*** Block opens ***

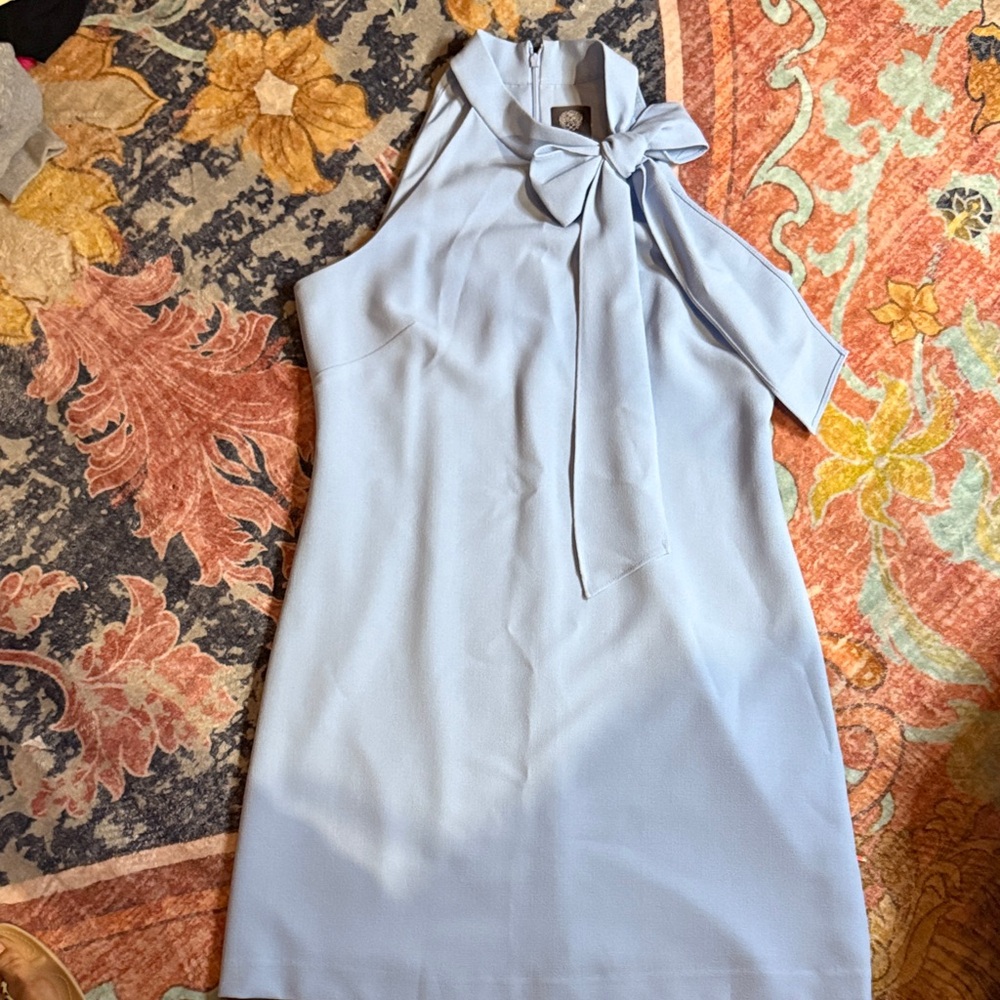 Vince Camuto Sky Blue Bow Mini Dress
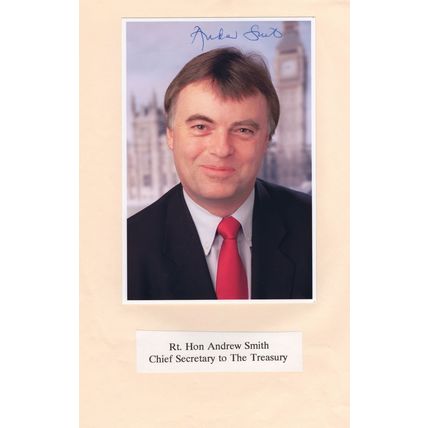 Andrew Smith Labour MP Treasury Secretary Large Hand Signed Photo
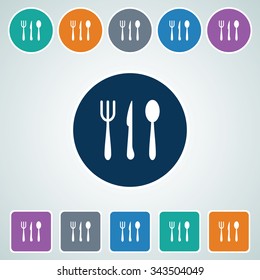 Icon of Restaurant in Multi Color Circle & Square Shape. Eps-10.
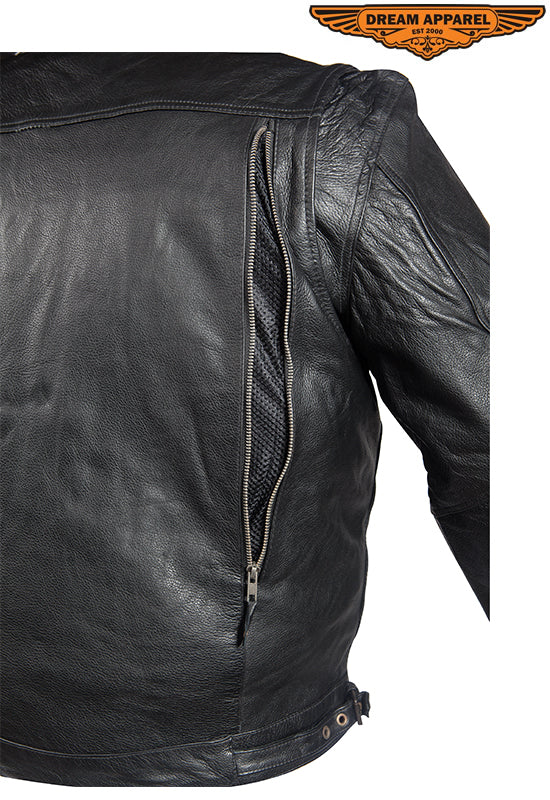 Mens Leather Racing Style Motorcycle Jacket Dream Apparels Cowhide Black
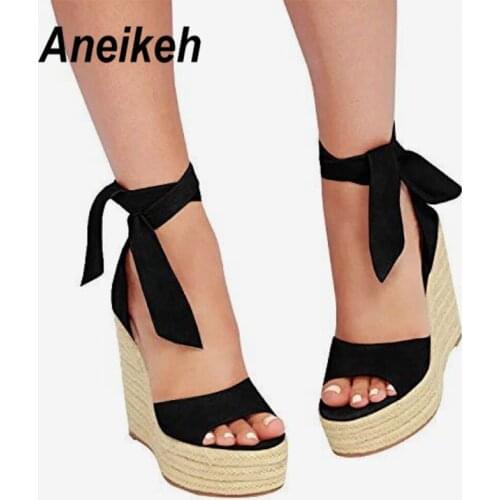 Aneikeh NEW Fashion Flock Womens Sandals Cross-Strap Lace-Up Wedges High Heels Black Party Daily Pumps Sandals Shoes Size 35-40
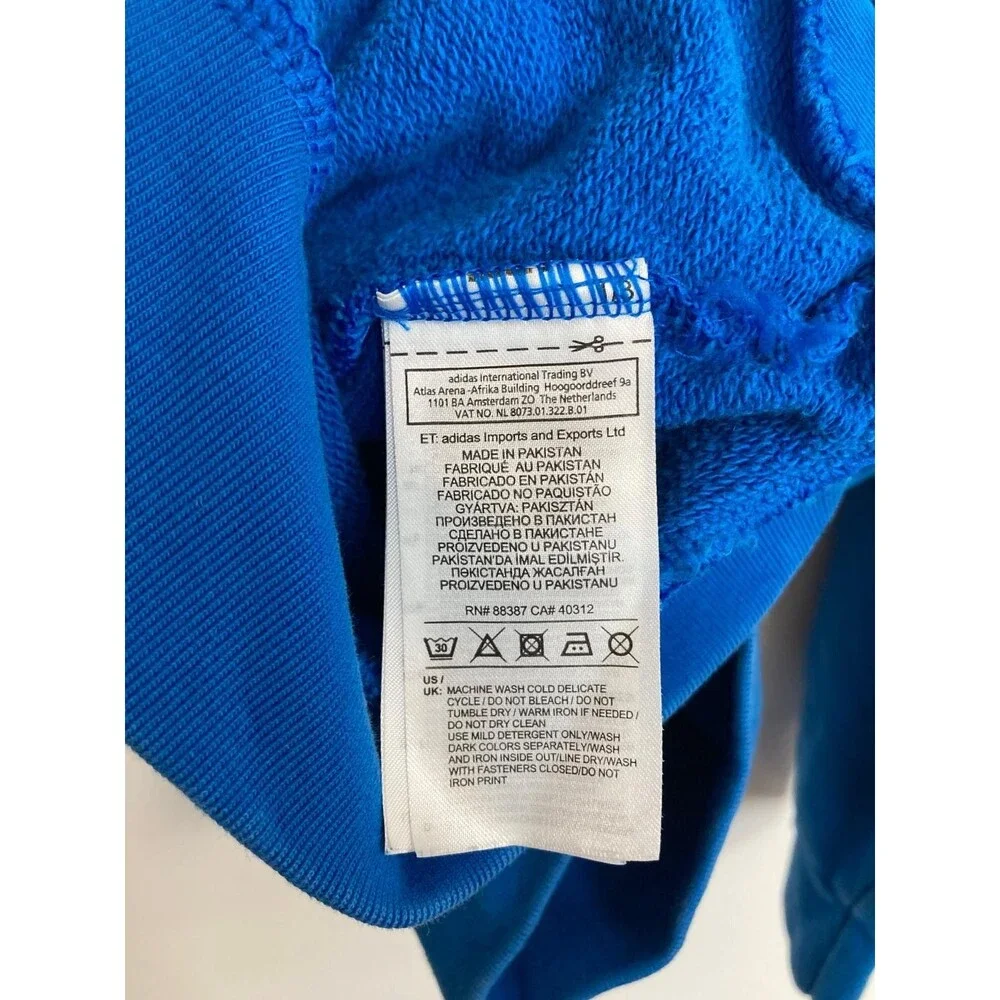 Adidas Hoodie Mens M Blue Pullover Trefoil Logo Athletic Casual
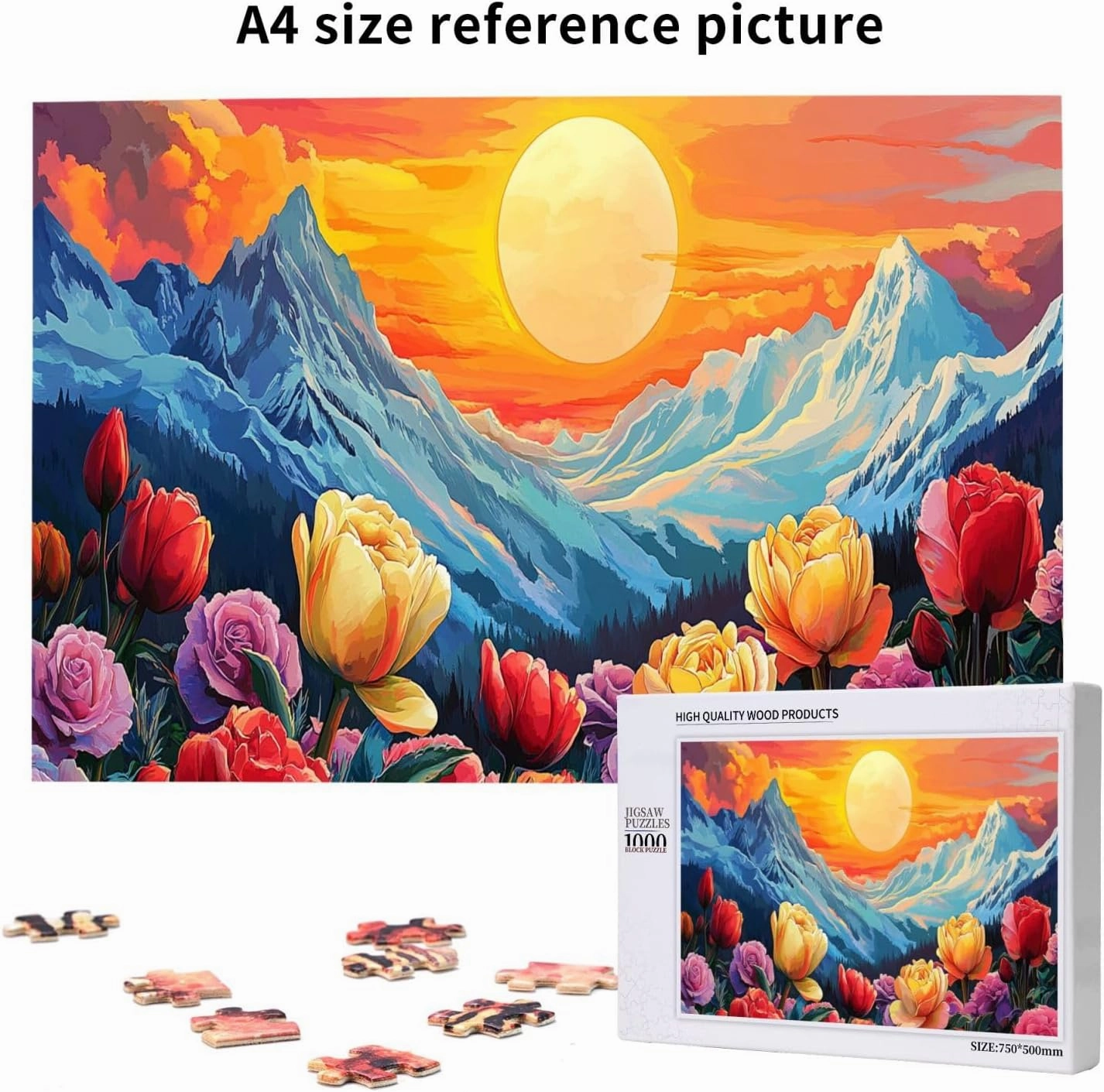 Snowy Mountains and Tulip Valleys，1000 Pcs Wooden Jigsaw Puzzles for Adults,Let Your Imagination Run Wild，Brainstorming for Stress Relief，Forget The Troubles of Life，Enjoy The Process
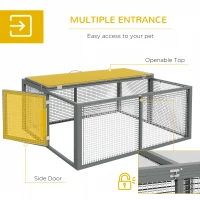 PawHut Wooden Folding Rabbit Hutch, for 2-3 Rabbits - Gray(m-5)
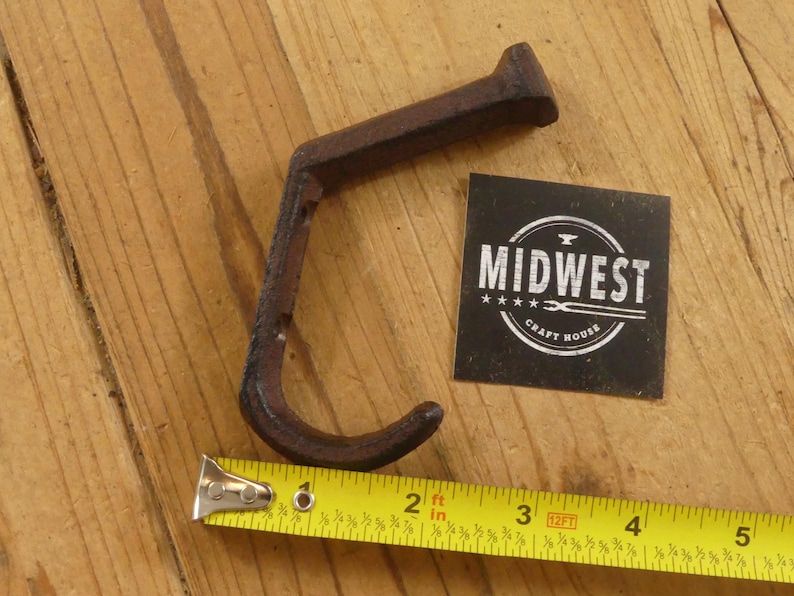 10 Railroad Spike Wall Hooks, Cast Iron Railroad Spike Coat Hooks, Railway Spike Wall Hooks, Rustic Railroad Hooks - By Midwest Craft House image 8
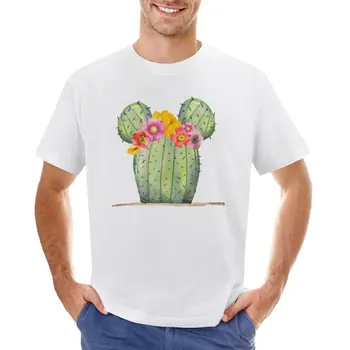 Футболка с мышиным кактусом и цветочной короной, футболки с аниме, футболки для любителей спорта, обычная мужская футболка с рисунком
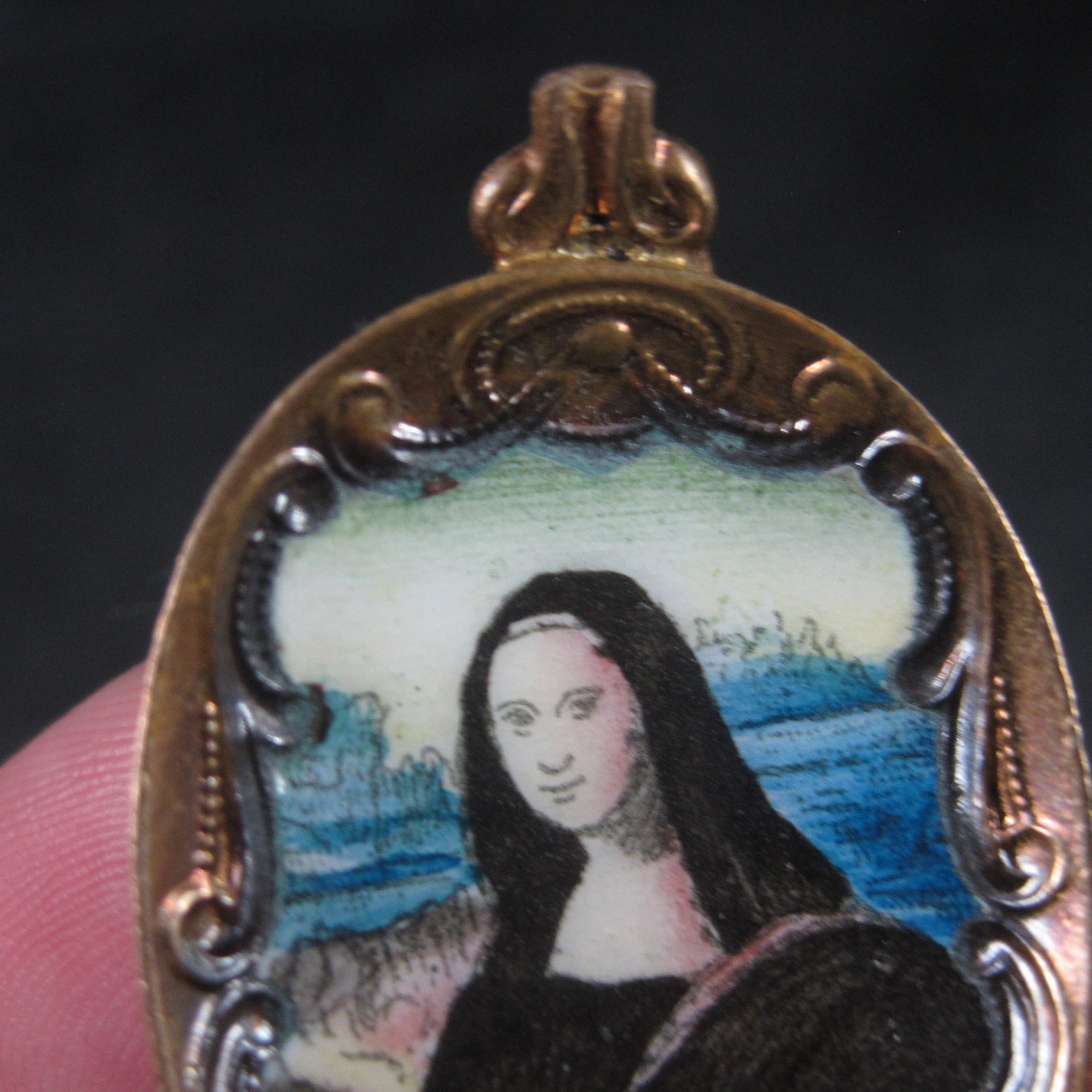 Vintage Mona Lisa Spoon Brooch
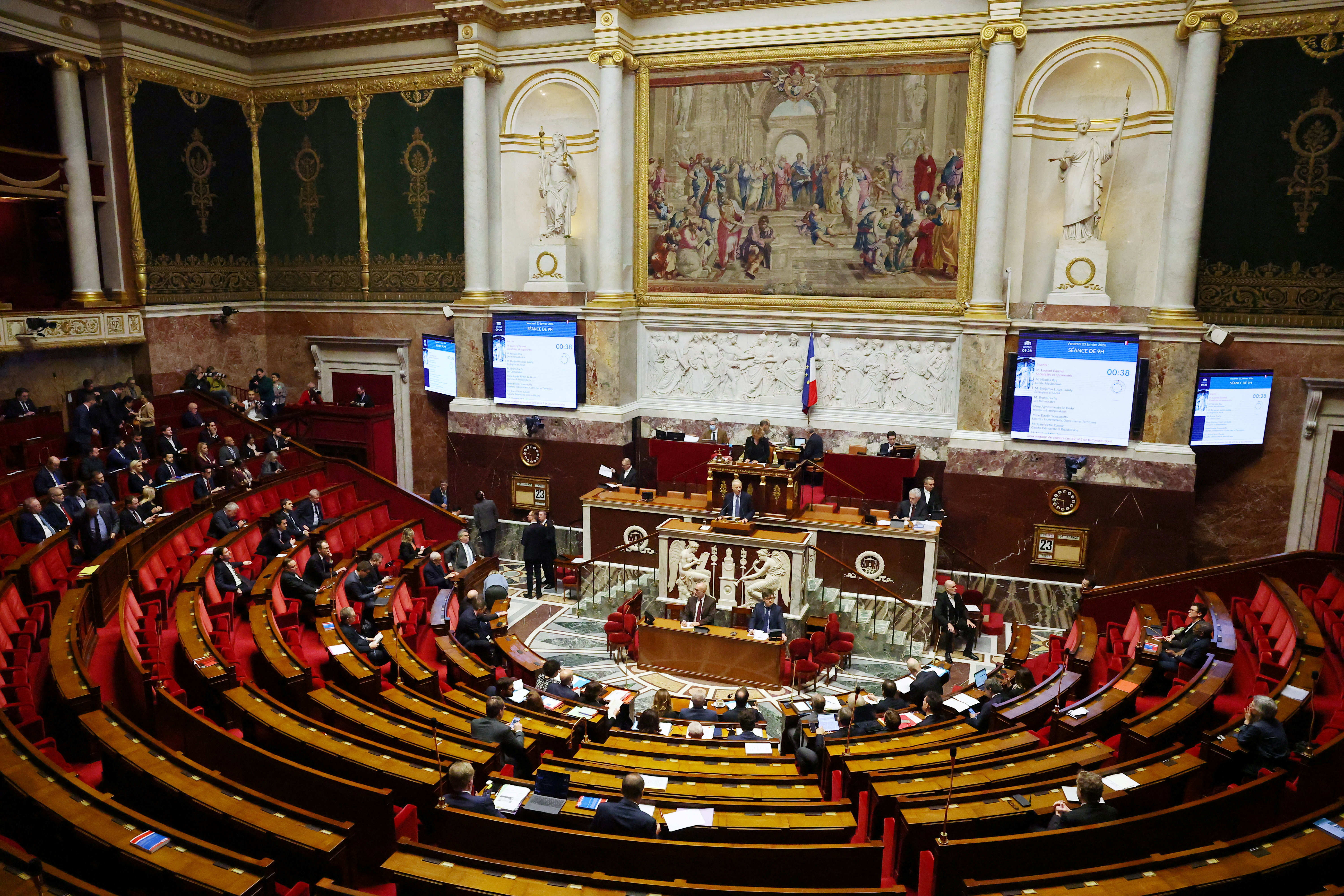 French parliament debates and votes two no-confidence motions against the French government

*** Block closes ***

# Aim of the task
Return nothing except the lines from the one containing "Футболка с мышиным" through the final line of the data, copied exactly. Leave out all pictures.

# Task result
 Футболка с мышиным кактусом и цветочной короной, футболки с аниме, футболки для любителей спорта, обычная мужская футболка с рисунком
 Vintage Mona Lisa Spoon Brooch
 French parliament debates and votes two no-confidence motions against the French government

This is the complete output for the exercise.